Biden emphatically declared, “We need bipartisan action from Congress to hold Big Tech accountable,” he observed, “[w]e've heard a lot of talk about creating committees,” and opined, “[i]t's time to walk the walk and get something done.” It remains uncertain whether Democrats and Republicans will be able to reconcile their divergent motivations and priorities and grant the president's wish.

While it is certainly true that there have been calls for Section 230 reform from both sides of the aisle, the rationales cited by Democrats and Republicans are entirely different.

For their part, Democrats have suggested that Big Tech firms need to face more stringent liability when they fail to moderate and remove what is deemed to be problematic user content, while Republicans have claimed that greater liability should come into play because those same companies remove and censor too much content, as CNN pointed out.

Despite Biden's decision to highlight the need for cooperation on this issue, the divided nature of the current Congress has made movement on the issue less likely, though that is not to say that efforts to find middle ground have come to a halt.

Algorithms protected?

On Feb. 21, the U.S. Supreme Court will entertain arguments in the matter of Gonzalez v. Google, a case pundits suggest could have a transformative effect on the Internet as it relates to Section 230, as the Washington Examiner notes.

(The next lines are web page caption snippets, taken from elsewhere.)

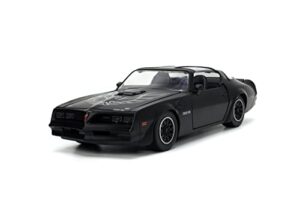 jada toys big time muscle 1:24 1977 pontiac firebird trans am die-cast car, toys for kids and adults (34038),black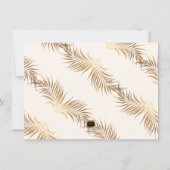 Save The Date PixDezines Fronds Palm Faux Or Script moderne (Dos)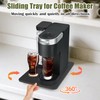 Sliding Tray for Coffee Maker, 360° Rolling Tray Appliance Slider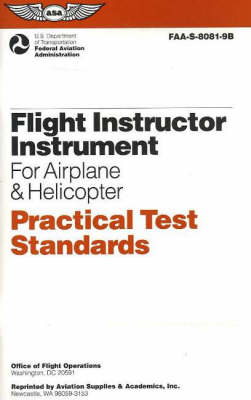 Book cover for Flight Instructor Instrument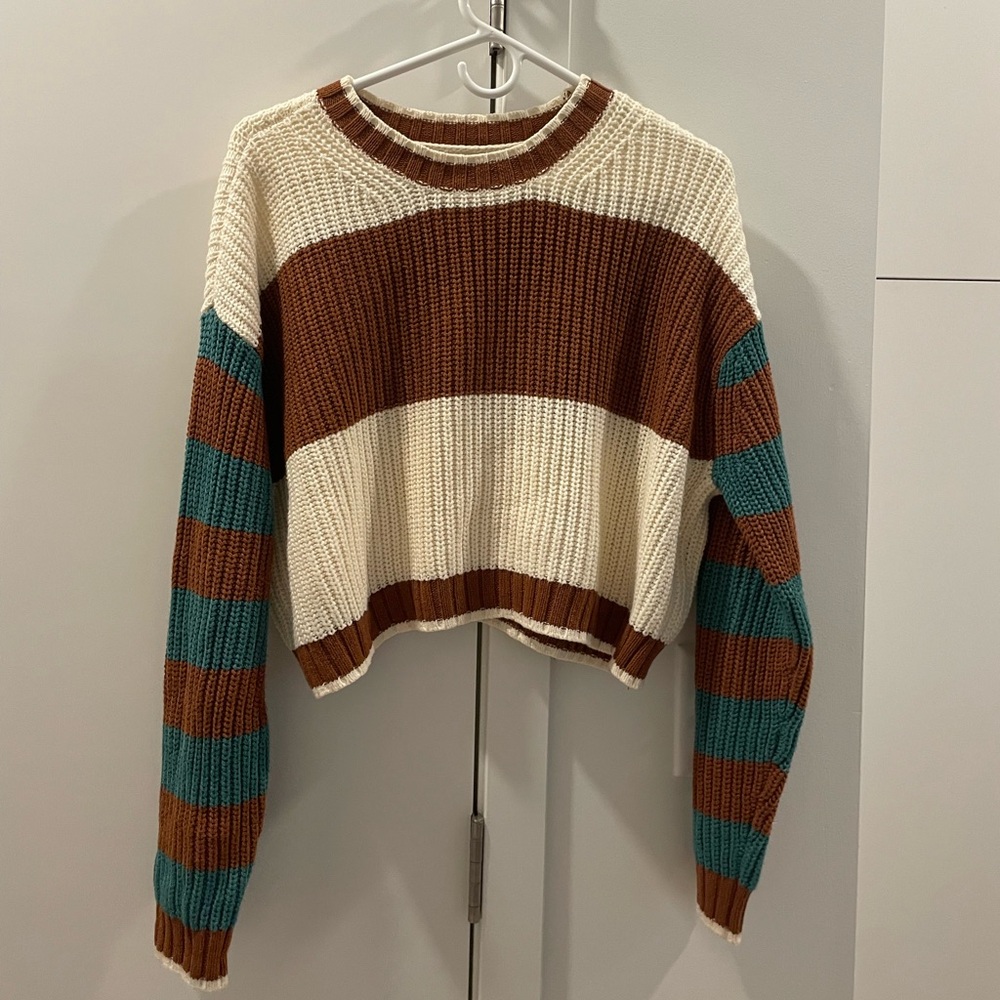 Bundle and save: American Eagle striped cropped sweater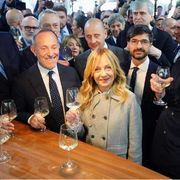 La premier Giorgia Meloni a Vinitaly presso la Fiera di Verona. ANSA/Giorgio Marchiori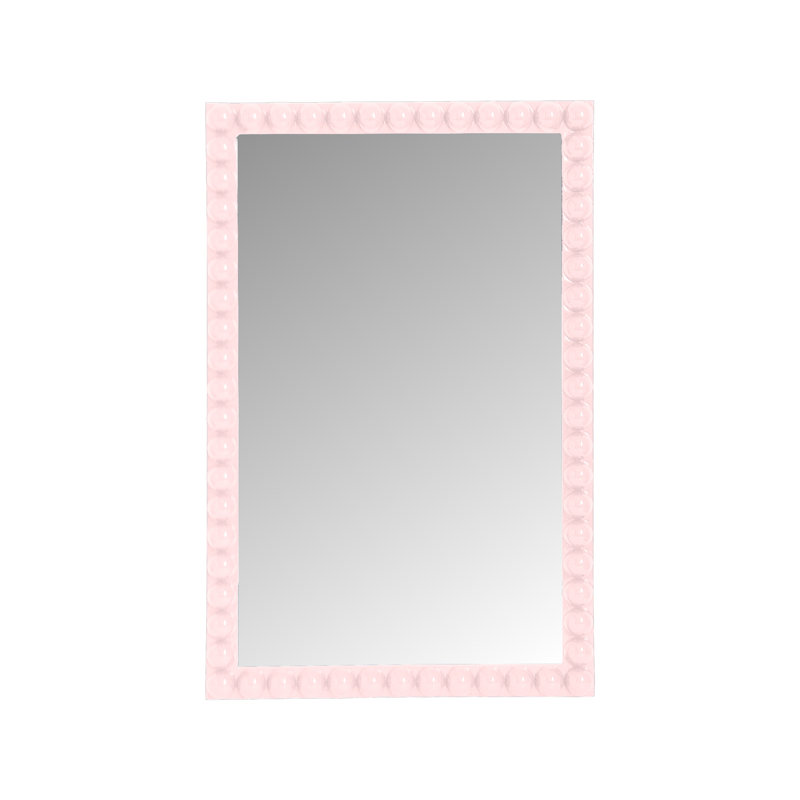 Varsha Rectangle  Glossy Lilac Mirror, Purple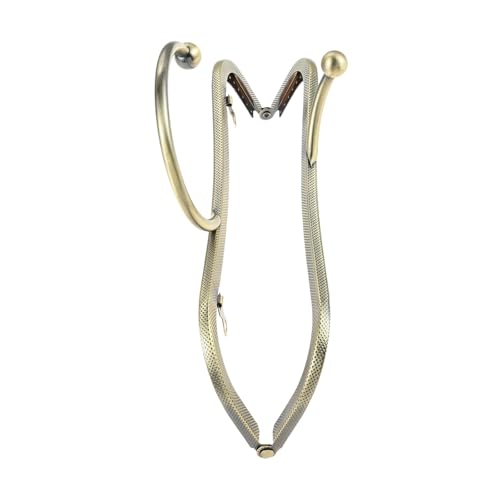 5PCS Bronze Metal Purse Clasp Frame,8.7" x 5.9" Arch Kiss Lock | Wallet Framework for DIY Sewing Craft, Handmade Coin Bag/Handbag/Shoulder Strap Bag, Smooth Surface Hardware - size: 8.7 Inch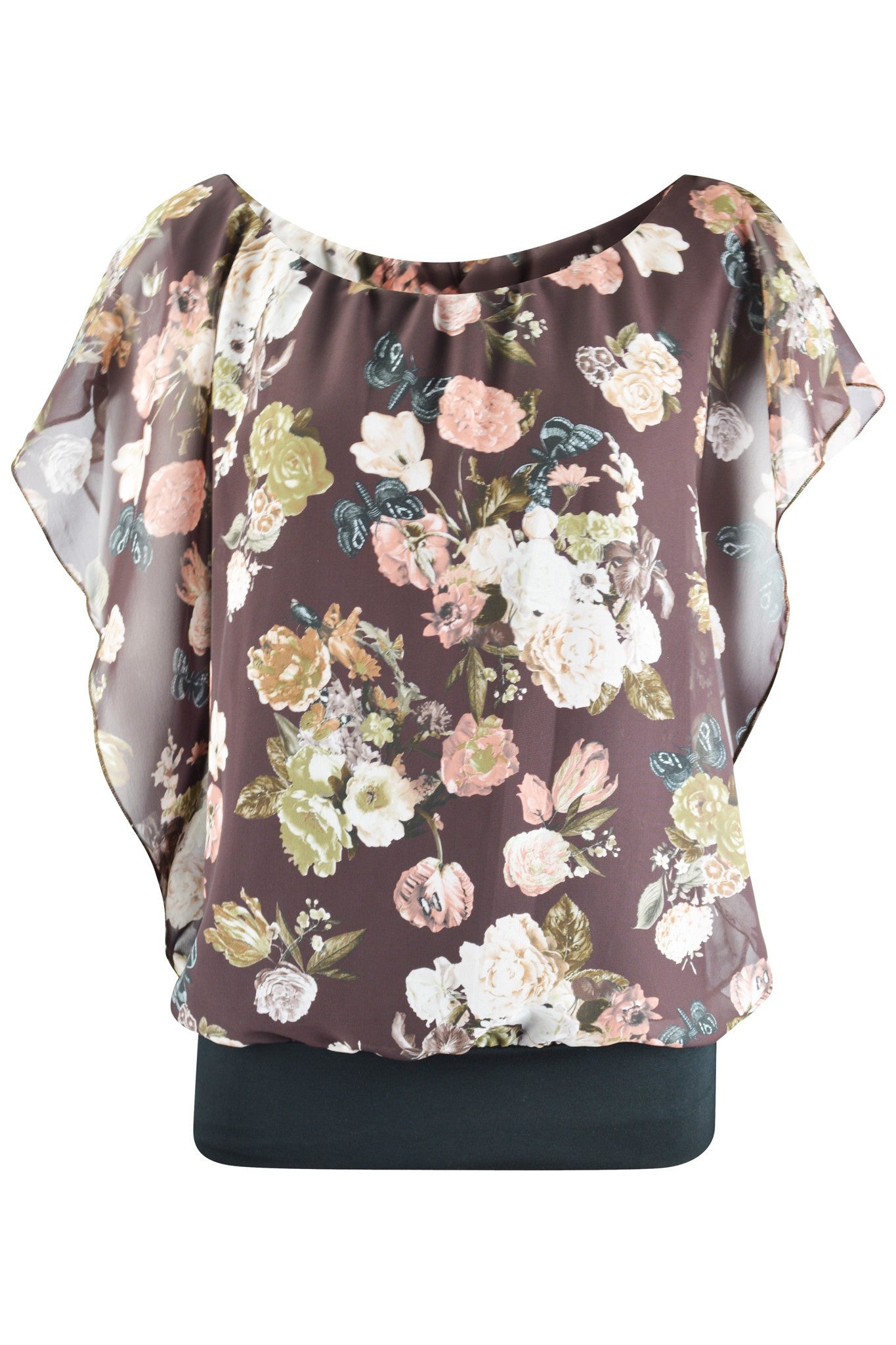 Floral Chiffon Top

At issue in the case are allegations against the Big Tech behemoth made by the family of a U.S. citizen killed in an ISIS attack in France back in 2015, as The Hill explains.

Family members of the victim claim that YouTube, owned by Google, hosted a platform that not only permitted posting of terrorist content online, but also – by way of its proprietary algorithm – pointed users to similar content designed to recruit new Islamic State supporters and incite violent activity.

As such, the case turns largely on whether the court finds that Section 230's protections should extend even to the algorithms used by Google and others, and the matter is expected to yield a pivotal interpretation of the statute's scope.

“Serious consequences” possible

In a brief filed with the high court on Thursday, Google contended that current interpretations of Section 230 must be upheld, suggesting that to do otherwise would leave the Internet “with a forced choice between overly curated mainstream sites or fringe sites flooded with objectionable content.”

The company further argued that changing the present, expansive application of Section 230 would “impede access to information, limit free expression, hurt the economy, and leave consumers more vulnerable to harmful online content.”

Though it remains to be seen how the full court will ultimately receive Google's contentions on the Gonzalez case, Justice Clarence Thomas has already signaled his openness to reining in Section 230 protections for tech giants, stating back in 2020 that extending the statute's immunity “beyond the natural reading of the text can have serious consequences” and that a narrower reading of the law may be required.